情報漏えい対策ツールを120%生かす運用術個人情報保護時代の情報セキュリティ(1/2 ページ)

個人情報や機密情報の漏えい対策のためのツールやシステムは、適切に運用されてこそ真価を発揮する。これらを有効に活用するためには、どのようなポイントに注意すればよいのだろうか?

» 2006年02月09日 11時00分 公開
[伊藤良孝,ITmedia]

 ファイアウォールなどの既存のセキュリティ対策製品に加え、個人情報や機密情報の漏えい対策をターゲットにした、さまざまなツールやシステムがセキュリティ市場に登場してきている。これらのツールやシステムは漫然と導入しただけでは意味がなく、適切に運用されてこそ真価を発揮する。

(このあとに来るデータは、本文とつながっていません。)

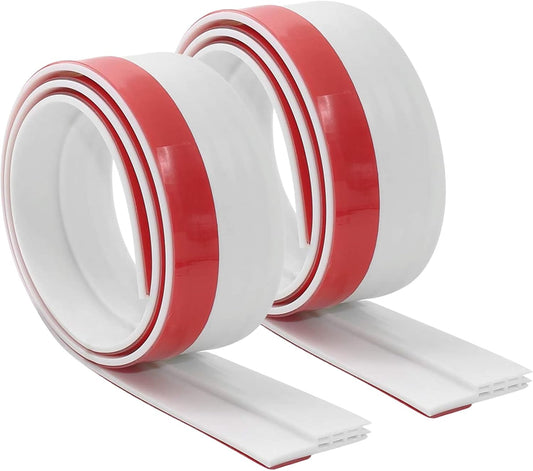 [2Pack Large Door Sweep] Huge Gap Door Draft Stopper, 3-2/5"W x 39" L Door Bottom Seal with Wider Strong Adhesive for Interior/Exterior Doors - Guard Against Drafts, Dust, Noise and Animals-White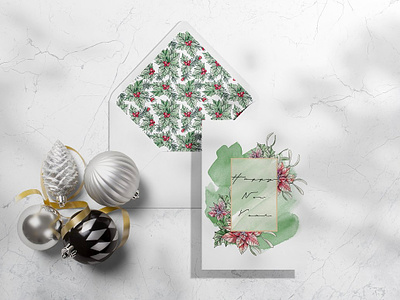Watercolor Christmas pattern and illustration set christmas design flowers garden illustration pattern seamless watercolor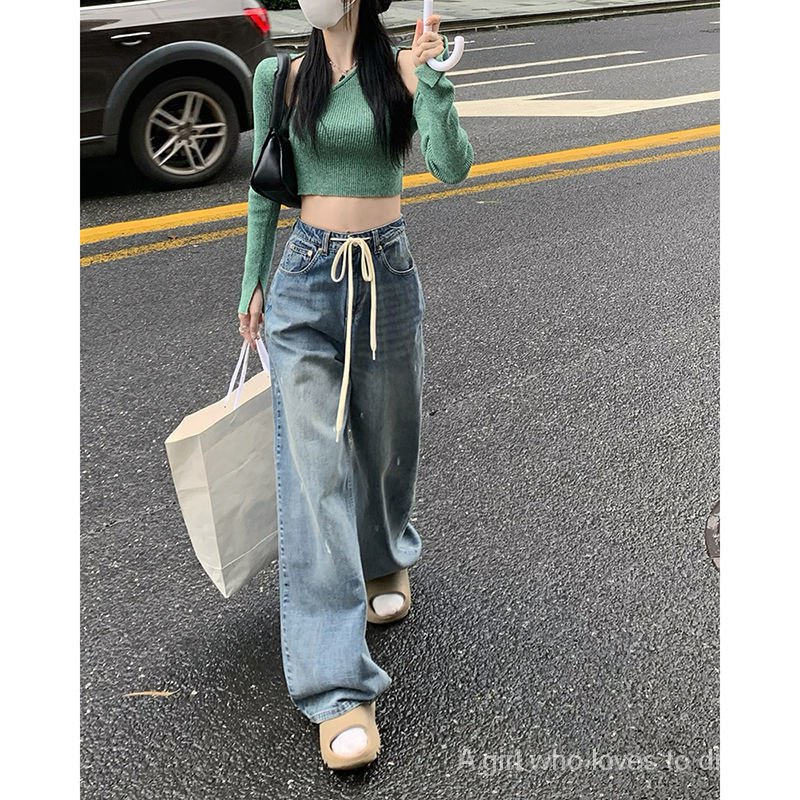 กางเกงยีนขากว้าง เอวสูง ทรงอสมมาตร สีฟ้า สําหรับผู้หญิง Sk5662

 情報セキュリティ分野におけるツールやシステムは、必ず何らかの形でログ(記録)を残したり、アラート(警告)を発生させたりする非常に重要な機能を持っている。特に情報漏えい対策製品群では、こうした機能の重要性はより高いものとなる。機密情報が漏えいした可能性をいち早く発見し、効果的な対策を行えるか否かは、ログやアラートをどのように利用するかにかかってくるからだ。そのためには、ツールやシステムの運用方法やそれを支える組織などを考慮することが求められる。

ログやアラートをどう扱う? 通常時の運用管理

ログの管理

 「どんなログをどれ位の期間残すか?」という問題は、従業員のPCをはじめとする多数の機器からログを収集する情報漏えい対策製品を導入・運用する際に、非常に重要な検討事項となる。

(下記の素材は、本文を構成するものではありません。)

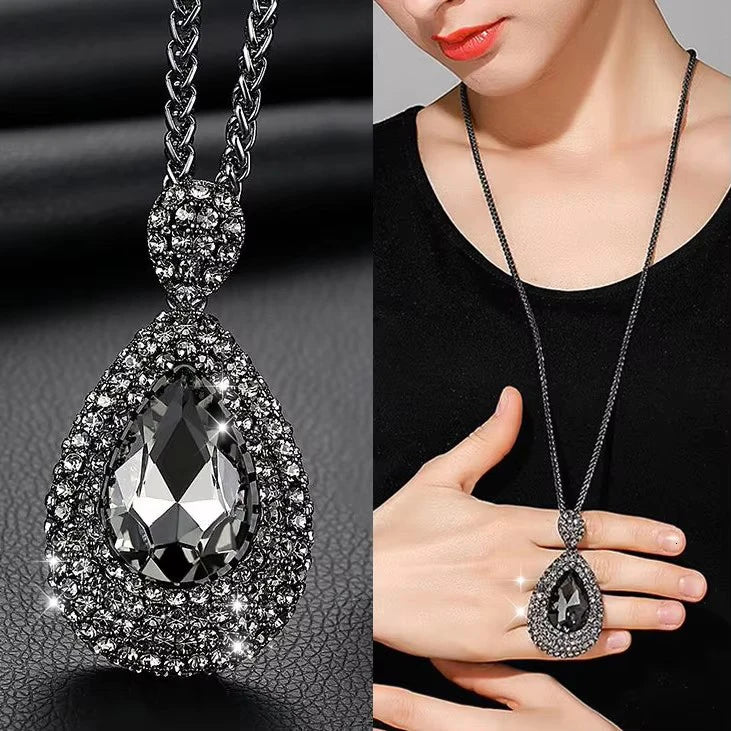 Long Necklace Crystal Women Statement Necklace Jewelry 2024 Fashion Black Chain Drops Maxi Necklaces Pendants Kolye Collier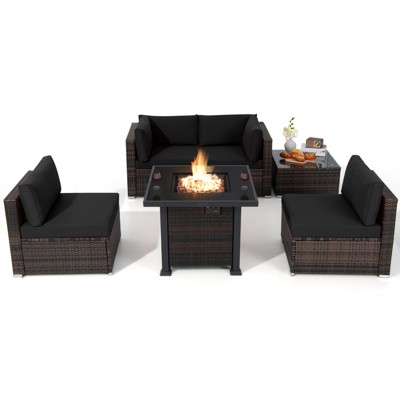 Tangkula 6 Piece Patio Wicker Conversation Set, Outdoor Rattan Sofa Set w/ 32" Propane Fire Pit Table, 50,000 BTU Heat, Tempered Glass Tabletop Black/Navy Blue/Red/Turquoise/Off White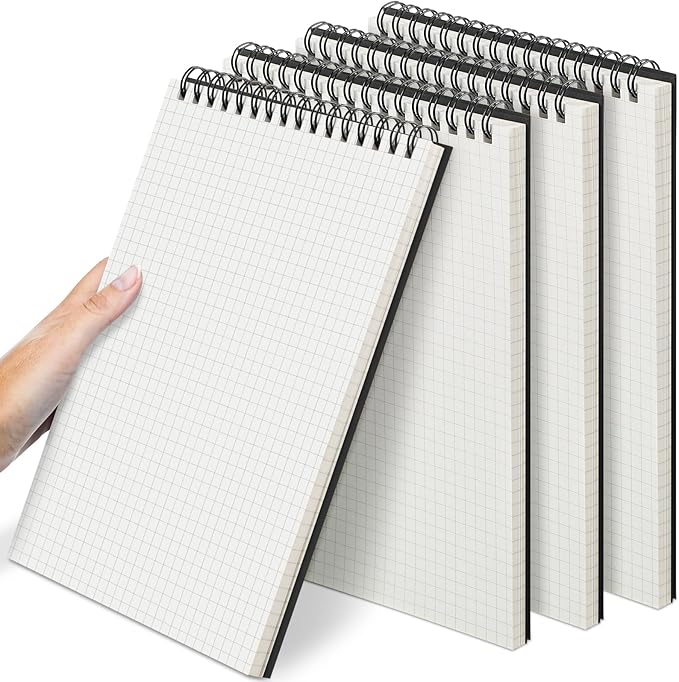 Engrowtic 4 Pack Graph Paper Spiral Notepad A5 Top Wirebound Notepad Grid Notebook Steno Pads Memo Notebook Grid Paper 140 Pages for Writing Sketching Drawing Office Supplies (Black)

 企業のセキュリティポリシーなどによって、社員の権限が明確に定められていれば、これに違反した行為が行われた場合、当然ログとして残すことが求められる。しかし、これだけでは、権限を与えられた従業員がその権限内で不正な行為を行ったとしても、まったく記録が残らず、事故が発生した場合に調査ができないという深刻な事態となってしまう。このような事態が起こる可能性を排除するには、PCやサーバ、ネットワーク上の従業員の行動(どんな操作をしたかなど)に関するログをできるだけ詳細に記録しておくことが望ましい。

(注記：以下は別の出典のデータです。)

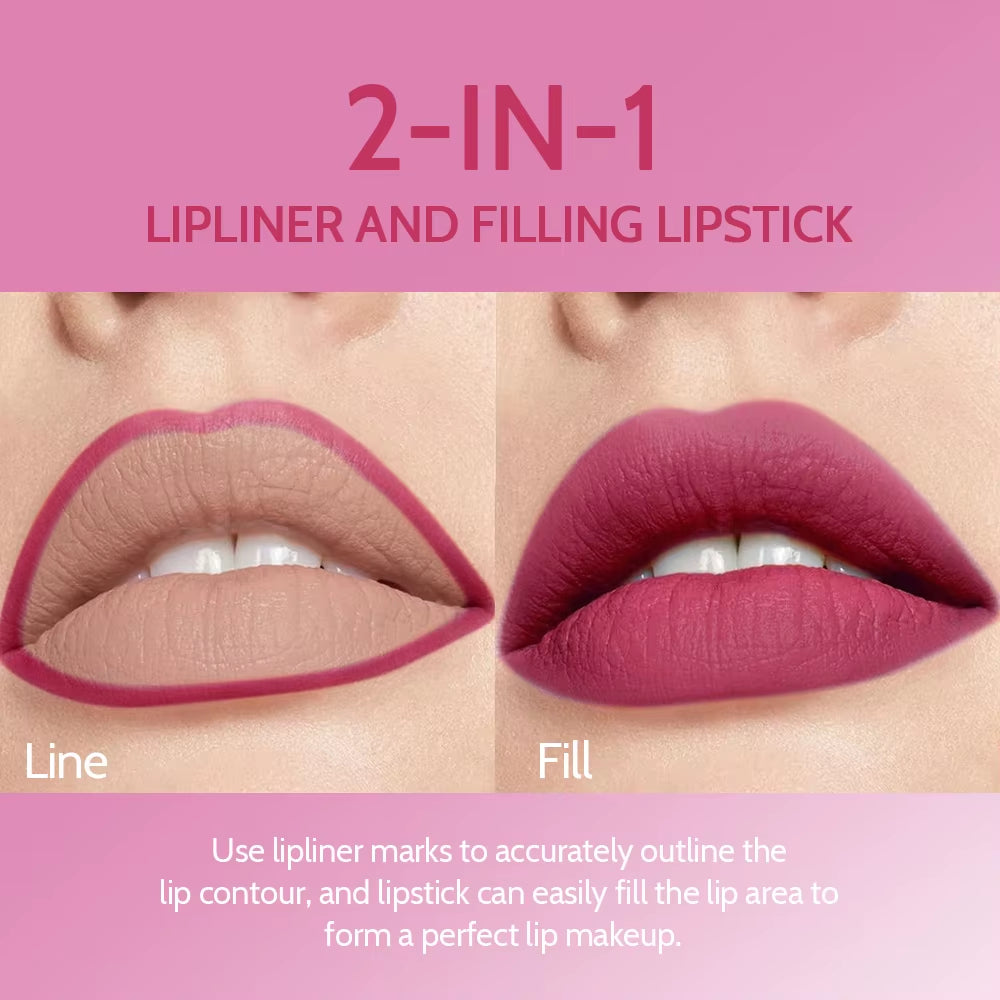 2-in-1 Matte Lipstick and Lipliner Pencil Set - 6 Colors, Waterproof, Long-Lasting, Perfect for Holiday Gifting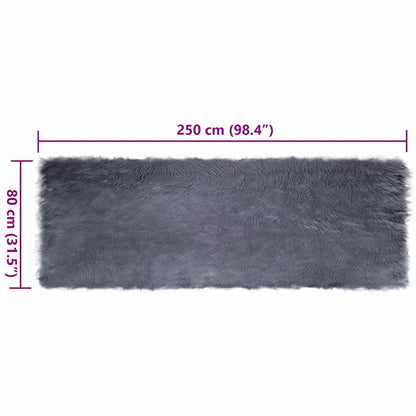 Tappeto Pecora Tafalla Antracite 80 x 250 cm Poliestere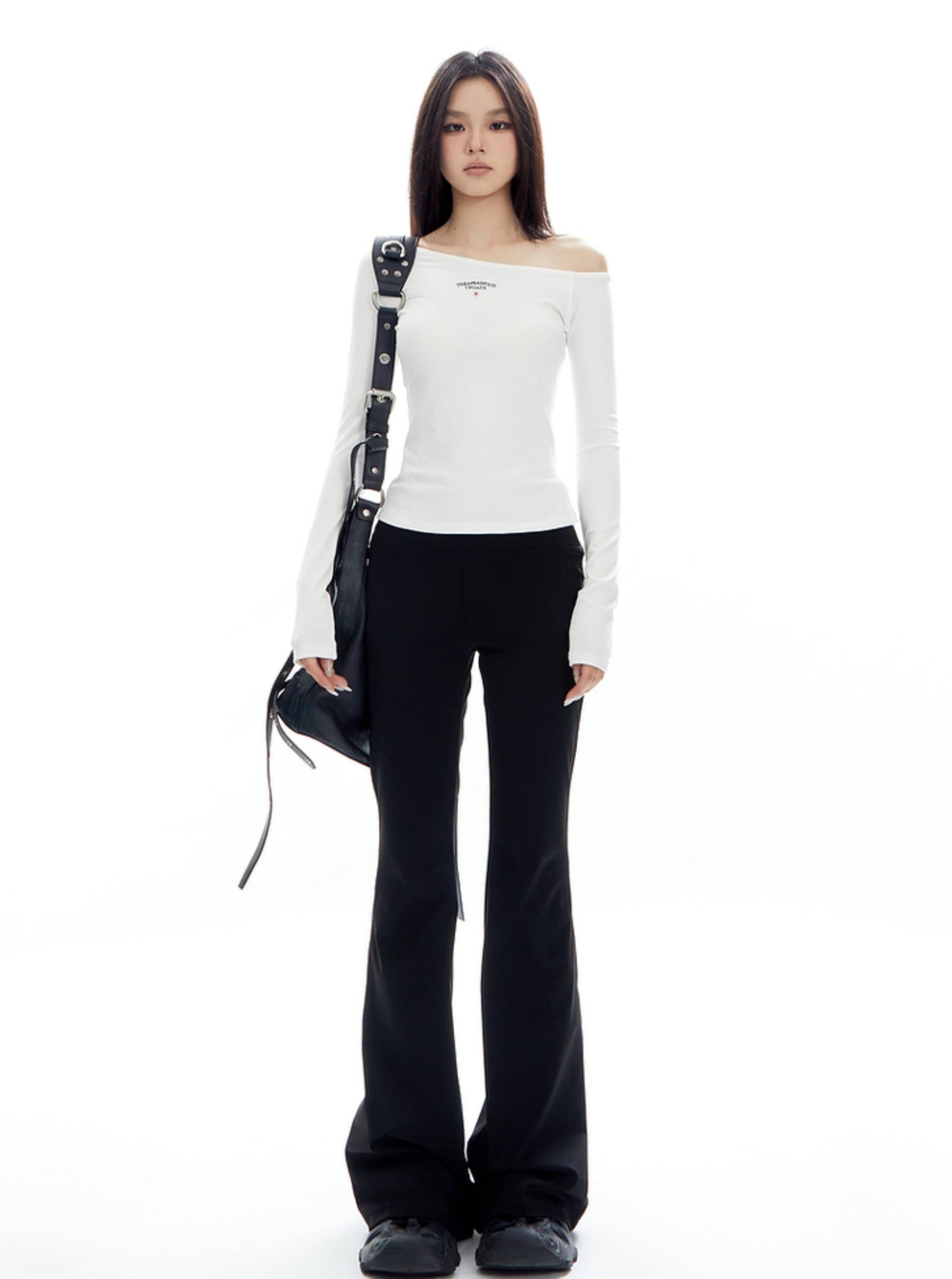Black High-waisted Flared Pants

 その一方で、やみくもにログを取得すれば、その容量は膨大なものとなってしまい、ログを格納するストレージなどへの追加投資や、事故が発生した場合の調査(ログの検索など)において支障を来す可能性がある。このような事態を避けるため、どのような情報をいつまで残しておくかは、ある程度事前に決めておきたい。

アラートの取り扱い

 どんなアラートを監視し、リアルタイムに対策(行動)するのかも決めておく必要がある。理想的には違反行為を示すアラートが発生した場合、たとえそれが実質的に脅威とならないものであっても、発生した理由や原因、どんな処理対策を行ったのかを、アラートごとに記録するのが望ましい。しかし現場における運用として、アラートが発生する度に、監視員が原因となった従業員にヒアリングを行い、その内容を記録するという対応を行うのは大きな労力を必要とする。組織が大きくなればなるほど非現実的なものとなる。

 この問題に対しては、ポリシーの違反者にツールやシステム側で理由を記入させるといった機能を搭載する製品も存在する。もしこのような機能がない場合には、アラートを重要度別に細分し、クリティカルでないものに対しては「連続して5回、同様のアラートが発生したら、リアルタイムに対策を行う」など、ある程度の許容が必要となるだろう。もちろん、根本的な対策としてはエンドユーザーに対する教育が必要であることは言うまでもない。

事故発生時の対応

 非常に重要度の高いアラートが発生した場合や、明らかな情報漏えい事故が発生した場合、企業はすぐさま、その原因や経緯の調査、そして対外的な対応を行う必要がある。この初期動作次第で、その後に続く作業の量や社会における評判が大きく変化する。